By the way, the cogwheel symbol provides further setting options for each device.

An extremely important setting, which almost goes under, is the selection of the doorbell type. Because if you wish, you can still continue to use your old housebell, but it is essential to make the correct selection of the old doorbell in the settings under Doorbell package: None, Digital, Mechanical. This selection gives load or current to the doorbell connected in series, which one protects with a supplied 1A glass fuse. However, if the wrong selection is made and, for example, you select a doorbell even though you don’t have one connected in series, the included 1A fuse blows when the doorbell rings – we tried it out in testing! We would have expected more warnings from Ring here. In a video and in the instructions, it is only explained how to differentiate between the digital and mechanical doorbell.

Of course, you can also set a few things for the Ring Chime connected via WLAN.

First and foremost, you can, for example, specify the ringtone setting when ringing or, if desired, even when moving, along with the desired volume. By the way, the best way to listen to all ring tones is to unplug the Ring Chime after learning it. Otherwise, with the Ring Chime plugged in, each individual sound file must first be loaded onto the Ring Chime for testing, which takes about 1 minute. If you unplug the Door chime for a short time, you can listen to the Ring ringtones on your smartphone 🙂 By the way, Ring uses OGG files (Ogg Vorbis Compressed Audio), which you could also convert from a WAV or MP3 to OGG.

As you can see, Ring has thought of a lot and even a function to share the videos or to save the Ring video recordings has been thought of. But beware! The Ring Share links are not provided with a password, but consist of a simple link, such as: “https://ring.com/share/” followed by a 19-digit number, in which an MP4 file “https://share.ring.com/xyz_stamp.mp4” is then stored, which is publicly visible to everyone.

Apparently, Ring assumes that it is safe enough to choose a long number, but forgets here that Proxy, Google & Co. cache all possible links and these links can therefore also appear in the cache. In addition, one could rattle off and ping all the numbers in seconds to get to the third-party videos! Furthermore, at the time of testing, there is no way for the user to have this video deleted! According to the Ring Hotline, the videos are transferred to a second Amazon CloudFront server when they are shared and are irrevocably stored there for 60 days. So even if you delete it in your app, the Ring share remains there and you may soon find it as a link on the Internet, like thousands of others already. Despite contacting Ring’s English-speaking second level support, we could not be offered a solution to delete the shared videos. The videos are automatically deleted after 60 days, was the answer from Ring. However, they would think again about possibly shortening the period.

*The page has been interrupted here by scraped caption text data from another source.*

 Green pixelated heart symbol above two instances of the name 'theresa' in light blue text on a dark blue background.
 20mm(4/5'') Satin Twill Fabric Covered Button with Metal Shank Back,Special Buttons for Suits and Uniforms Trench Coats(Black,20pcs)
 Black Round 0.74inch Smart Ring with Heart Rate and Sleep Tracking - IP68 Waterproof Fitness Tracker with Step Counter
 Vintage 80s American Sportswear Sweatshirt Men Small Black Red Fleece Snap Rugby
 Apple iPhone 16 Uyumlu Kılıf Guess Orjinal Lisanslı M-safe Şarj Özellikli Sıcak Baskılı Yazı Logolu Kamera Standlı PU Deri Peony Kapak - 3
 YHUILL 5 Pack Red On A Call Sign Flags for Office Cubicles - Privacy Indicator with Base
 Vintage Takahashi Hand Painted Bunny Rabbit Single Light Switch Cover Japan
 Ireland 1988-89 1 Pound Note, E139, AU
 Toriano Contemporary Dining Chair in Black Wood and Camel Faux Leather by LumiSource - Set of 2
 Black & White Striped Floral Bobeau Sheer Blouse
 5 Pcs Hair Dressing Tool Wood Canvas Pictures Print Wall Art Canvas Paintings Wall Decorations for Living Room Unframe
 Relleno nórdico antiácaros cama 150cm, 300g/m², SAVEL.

By the way, to be able to save or share videos, you have to pay a monthly fee after the 30-day trial period. This is currently 10 Euro per month for the Protect Plus plan or 3 Euro per month for the Protect Basic plan. Some customers will certainly only find this information after purchasing the Ring Video Doorbell Pro.

So that you can get an idea of the quality of the video recording, we have again created a video on Funkyhome.de. Unfortunately, the compression rate or resolution cannot be changed.

Here you can see a Ring Video Doorbell Pro video in Full HD quality, i.e. 1920x1080px.

Overall, the Ring software makes a good impression, so we were even more surprised by this carefree handling of the shared videos. The app runs quite smoothly and impressed us with some features, such as the possibility to define areas during alarm recording or to create a motion schedule. Unfortunately, it lacks a function to delete its data on the server as well, and with prices of up to 10 euros per month, you can also expect a lot from your doorbell provider. In any case, we still have a few items on our wish list.

The startup process of the Ring Video Doorbell Pro took about 1 minute and 50 seconds until the first retrieval via the Ring app.

The power consumption of the Ring Video Doorbell Pro was about 5.2 watts in idle in our test.

In contrast, the Ring Chime only needs 1.3 watts.